So, you’ve finally decided to move to Office 365. Firstly, great news! You and your colleagues are going to get access to some of the latest and greatest enterprise IT out there. From Power BI to Office 365 Groups, Office online, Sway, and a veritable treasure chest of new and evergreen tools.
However, before you can start playing with your new toys, you’re going to have to do a migration. Like most organizations, you likely have a whole range of existing software, databases, and legacy systems – and different departments who use different iterations of SharePoint. Getting data from all these platforms into Office 365 won’t be straightforward.
To make sure your migration is a success, make sure you avoid the following Office 365 migration pitfalls. But don’t worry! SharePoint migration doesn’t have to be intimidating - see the migration as an opportunity to streamline and improve your existing systems.
Leaving All the Work to IT
All too often, companies see a migration as a technical task—they expect the IT team to create the migration strategy, carry it out, and then make sure everything’s running smoothly in the new environment—this couldn’t be further from the truth.
Migrating to SharePoint Online is an organization-wide activity. Right from the beginning you should have representatives from different departments involved in the planning, working as evangelists to their teams.
Not Knowing Why You're Migrating
Make sure you actually have specific business goals for migrating to Office 365, and a solid business case for the move. Office 365’s varied tools are super appealing, but your company may not actually need it.

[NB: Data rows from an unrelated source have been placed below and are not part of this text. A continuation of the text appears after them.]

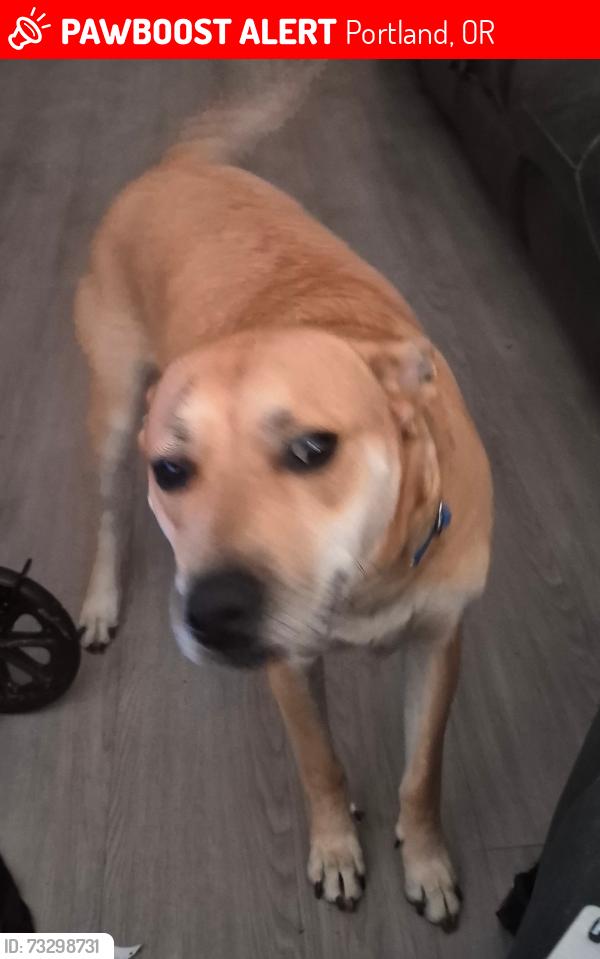 Lost Female Dog last seen sw 17th ave portland or 97205, Portland, OR 97219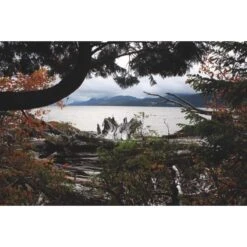 Globetrotter -Globetrotter 5637642723 b die hoffnung und der wolf 24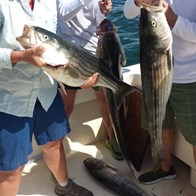 Guided fishing charters for families Chatham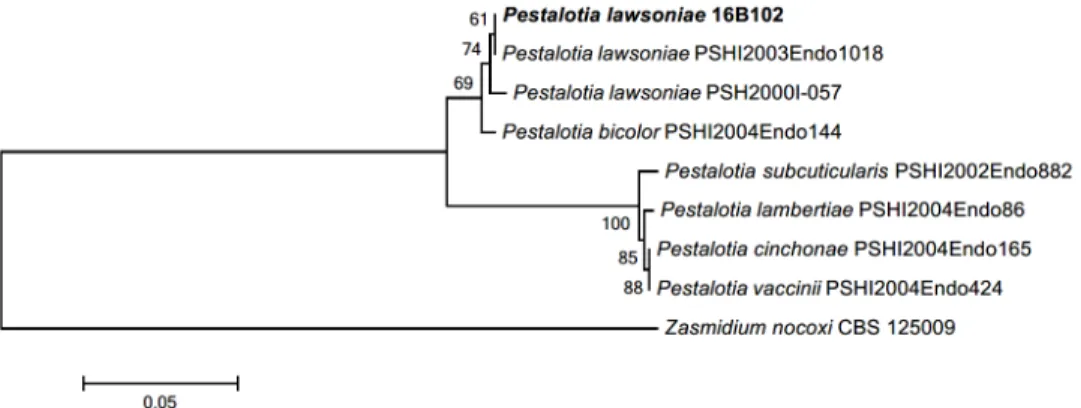 Fig. 2. Neighbor-joining phylogenetic tree based on a combined alignment of both internal  transcribed spacer (ITS) and  β-tubulin (TUB) sequences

Make sure you’ve investigated SharePoint server 2016 which will be available in the next few months. Will it cover your needs?
Lacking a Content Strategy
So, a migration is basically about moving all our files from our existing servers to the cloud...right? No, no, no! That’s totally wrong; a migration is a golden opportunity to manage your environment, and archive those document libraries you never access. It’s a great opportunity to slim down existing email inboxes and make your whole content strategy more streamlined.
Right from the beginning, your teams need to be thinking about what they actually will need in the new environment, and what files, folders and SharePoint sites they never actually visit anymore.
Failure to Do a Full Audit
SharePoint is great because it’s so flexible, and you can customize it as much as you like. However, this also means it tends to spread and, unless you’ve managed it with an iron fist, SharePoint will have a mish-mash of outdated permissions, idiosyncratic mailbox rules, weird retention policies, and more.
Once again, your migration is the opportunity to set all these inconsistencies right.
Thinking an Office 365 Migration Is Equal to a SharePoint Migration
Perhaps you once migrated SharePoint 2010 to SharePoint 2013. That’s fine, but you’re in for a shock if you think the process will be the same in Office 365. The simple rule to remember is that Office 365 is a much larger and more diverse set of products. As a consequence, you’ll need to migrate products individually.
So, when you migrate your inbox to Office 365, only your inboxes will get migrated. Your calendars will not move until you migrate them separately. So, make sure you’ve ticked off everything on the Office 365 shopping list before you go ahead with your migration.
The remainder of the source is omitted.